Of course, the Sabres have done a lot of losing during Ott’s first year here.
The warm welcome and the struggles have left Ott imagining the Sabres’ resurgence. Right now, they’re rebuilding, still the NHL’s worst team.
But the 31-year-old, an unrestricted free agent following the season, wants to stick around.
“I can only imagine what it would be like to go from where we are now to have success, and that’s something that I’ve always wanted that,” Ott said Friday inside the First Niagara Center. “It’s easy to go somewhere where you’re already having success. But that’s a different feeling when you start here and see the rise and see the change. I don’t think we’re that far away.”
What makes Ott say that?
He’s experienced both sides of ownership. In his Dallas days, the Stars went bankrupt, morphing from a perennial contender into an also-ran. He’s confident Terry Pegula’s ownership will do “whatever it takes to put a product on the ice.”
The rebuild, Ott said, “doesn’t matter.”
“I know the Pegula family,” he said after the Sabres prepared for tonight’s home tilt against the Columbus Blue Jackets. “You’re always a few players away from being a significant team in the NHL. It’s a small, finite number of depth guys that you bring in and everything changes. I think here you have building blocks with great young players coming.”
Ott feels he has “a lot of years left in my career.” He’s excited about the Sabres’ new regime, including interim coach Ted Nolan, who loves Ott’s leadership. He hasn’t had any contract talks yet, however.
“You throw that respectable group in and it’s easy to come work every day and put the jersey on and play,” Ott said.
That jersey has had a ‘C’ stitched on it since the Sabres traded Thomas Vanek, who briefly split the captaincy with Ott, on Oct. 27.
Being a first-time captain “has been a blast,” Ott said. The winger only wishes the Sabres were winning more.
“To be looked upon and try to gain respect from your teammates … even through a difficult season, I’ve had a lot of fun,” said Ott, who’s usually smiling and cracking jokes with those teammates.
Ott’s having fun playing his usual rugged and tenacious style – “You never know when your last game is,” he said – something he hopes will rub off on the Sabres.
“That’s kind of how I approached the whole thing is I want to be somebody that somebody would grab something valuable from,” Ott said. “Hopefully, I’ve done that.”
Ott’s approach is wearing off. During a huge penalty kill in overtime of Wednesday’s 4-3 shootout loss in Toronto, Matt Ellis leaned over to new teammate Zenon Konopka.
“I said, ‘Steve’s one of those guys you don’t get a full appreciation for what he brings to the team and what he does on a night-to-night basis until you’re suiting up game after game with him,’” Ellis told Konopka. “He’s an absolute warrior. He’s a great leader. He’s done a great job keeping guys engaged in what’s going on here, keeping the room upbeat, keeping the accountability level high.”

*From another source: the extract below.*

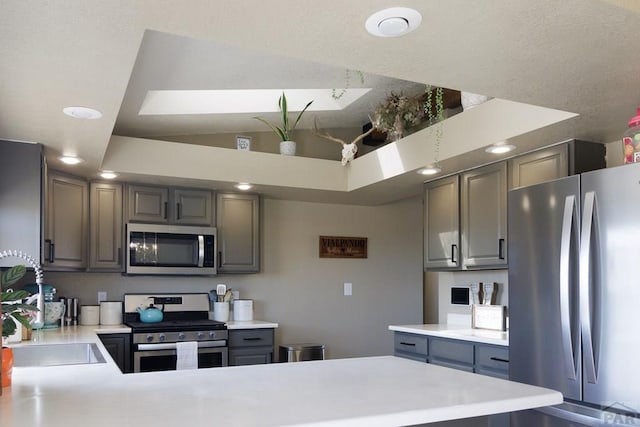 1108 W Meadowmoor Dr, Pueblo West, CO 81007 - kitchen with a peninsula, light countertops, lofted ceiling, and appliances with stainless steel finishes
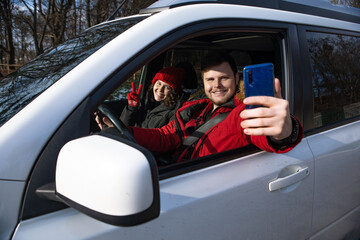 couple taking selfie picture in car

Ellis added: “He’s the definition of what a captain should be.”
Nolan called Ott a “competitive son of a gun.”
“When there’s a puck out there, he wants it,” Nolan said. “If there’s any kind of competition for anything, he wants it. And above that, he’s a very caring individual. He cares about his team. He really cares about where he’s living in Buffalo. He really cares about this city.
“So I think you put all those things together that’s what makes him a great captain.”
Ott wants to be here. He wants to STAY here! Let’s make him a happy man, ok?